Das Gesicht: Hier müssen wir später etwas aufmerksamer sein. Die Augen werden kurz unter dem
horizontalen Strich angesetzt. Dazwischen ist ungefähr eine Augenbreite Abstand. Zwischen
Augenunterkante und Nasenflügeloberkante ist ca. ein Abstand von einer bis 1 1/2 Augenhöhen. -
Hier kommt der Handspiegel zum Einsatz. Schaut einmal gerade hinein. Ihr werdet z.B. sehen, dass die Ohren
ca. von Oberkante Auge bis Unterkante Nasenflügel reichen. (In einem anderen Kapitel des Themas gehen
wir noch genauer darauf ein.)
Wie Ihr seht, hat die Figur insgesamt mehr Volumen erhalten. Der Oberarm z.B. ist dicker angelegt als der
Unterarm. Wir brauchen dieses Volumen, um den Piraten später besser anziehen zu können. Denn die
Kleidung passt sich schließlich dem Körper an.

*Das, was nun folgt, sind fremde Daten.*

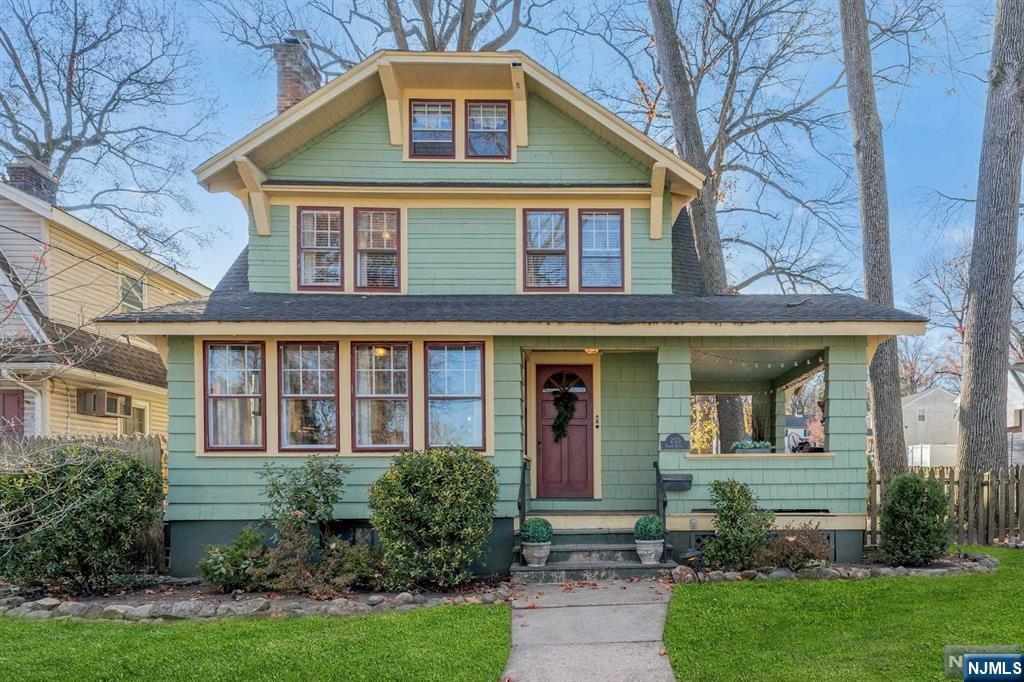 255 Poplar Avenue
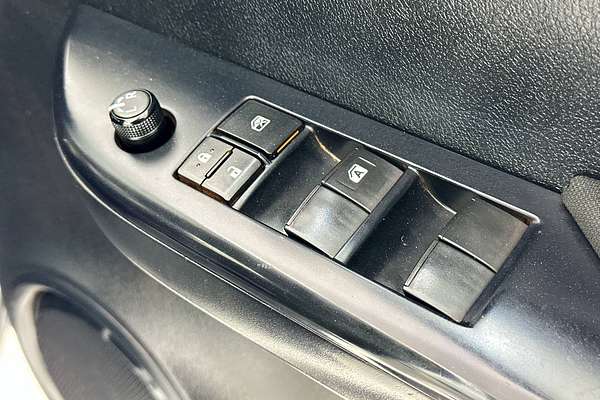 2018 Toyota HILUX SR (4x4) GUN126R MY17 4X4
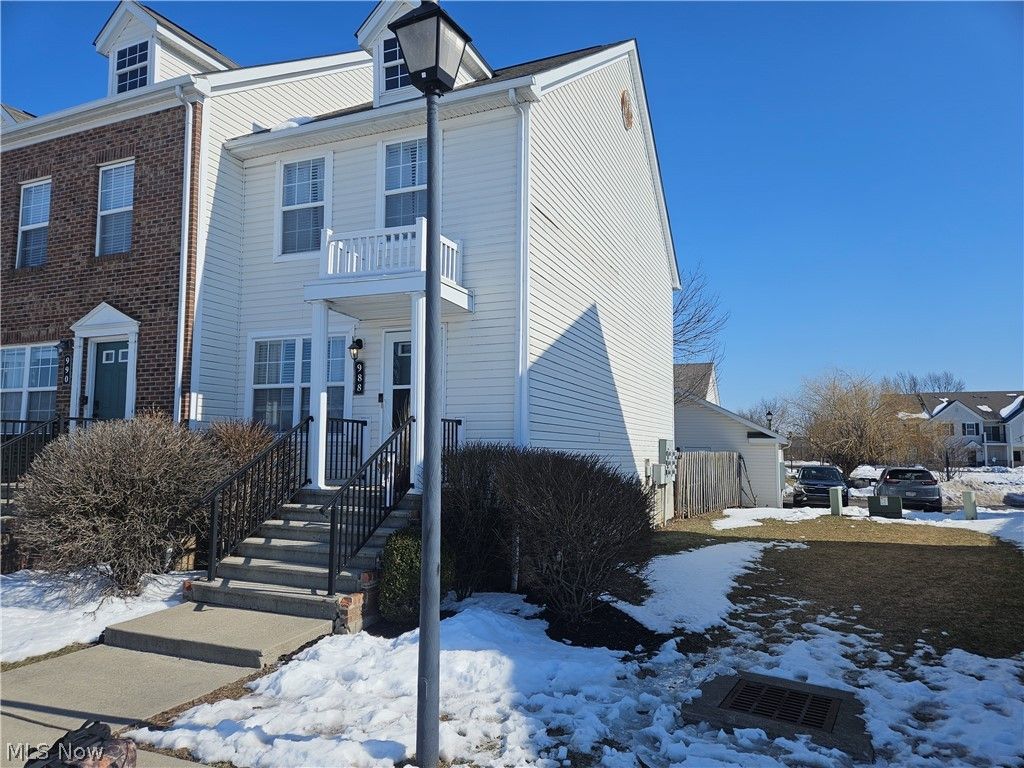 988 Hartford Village Boulevard, Columbus, OH 43228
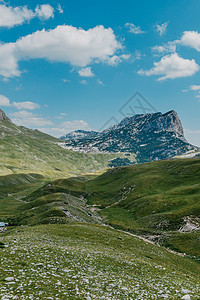 日出时的山谷 自然的夏季景观 山峰绿色自然风光 绿山景观远足冒险岩石风景蓝色地球生态荒野爬坡公园图片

Weil ein winkender Pirat nicht ganz ernst zu nehmen ist, bekommt er eine Enterstange in die Hand
gedrückt. Die Hände - manchmal ein Problem - werden wir nachher in Handschuhen verstecken,
deshalb genügt hier eine Andeutung. Auch bei den Füßen müssen wir keine
Rücksicht nehmen. Stiefel machen es nachher möglich.